# RetinaFace

20200903232600

As explained in ([[20200815172158]] Detecting faces from images) detecting faces in a still image is an important step that has various applications.

As of now, a top of the SoTA on face detection can be found on the PapersWithCode website and the best approach seems to be the RetinaFace architecture that we discuss in this section.

The source code for the original paper was published at this github repository with a video for a conference presentation.

It is unfortunately written in MXNet ( #amazon’s #deep #learning framework) but other rewrites are also available:

The authors of #retinaface originally worked on the more broader problem of #face #recognition so this step is just a precursor to their other model #arcface ([[20200903233242]] ArcFace).

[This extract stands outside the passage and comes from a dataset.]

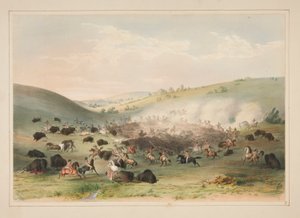 Büffeljagd, Umzingelung, Platte 9 aus dem North American Indian Portfolio von George Catlin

It uses the idea of image #pyramids (convolutions at multiple levels)

There is also a startup around this paper named insightface.ai.

### Architecture and paper analysis

The contributions of this paper are:

• Creates a a dataset where more features are annotated in multiple faces:
• 5 landmark points: 2 centre of eyes, 2 edges of lips, centre of nose
• a 3D pose matrix specifying how each face is positioned in space

The model is trained to predict simultaneously:

• Whether the current detection is a face or not (binary classification trained using softmax)
• 5 Landmark points
• 3D pose of the face

#### Loss function

The loss function is a composition of the losses for all 3 detection objectives above:

\begin{aligned} Loss = & \> \> \> \> \> \> \> \> \> \> \> \> \> \> {\color{red}Loss_{Classification}}(p_i, p_i^*) + \\ &\lambda_1(=0.25){\color{red}p_i^*}*{\color{blue}Loss_{RegressionBox}}(t_i, t_i^*) + \\ &\lambda_2(=0.1){\color{red}p_i^*}*{\color{green}Loss_{LandmarkPoints}}(l_i, l_i^*) + \\ &\lambda_3(=0.01){\color{red}p_i^*}*{\color{gray}Loss_{3DPixelPose}} \end{aligned}

${\color{red}Loss_{Classification}}(p_i, p_i^*)$ is the classification loss where $p_i$ is the predicted probability of anchor i to being a face and $p_i^*$ is 1 for the positive anchor (an anchor that is indeed a face) and 0 for the negative anchor (an anchor that is not a face). The classification is a binary crossentropy (they say it’s the softmax loss for binary classes).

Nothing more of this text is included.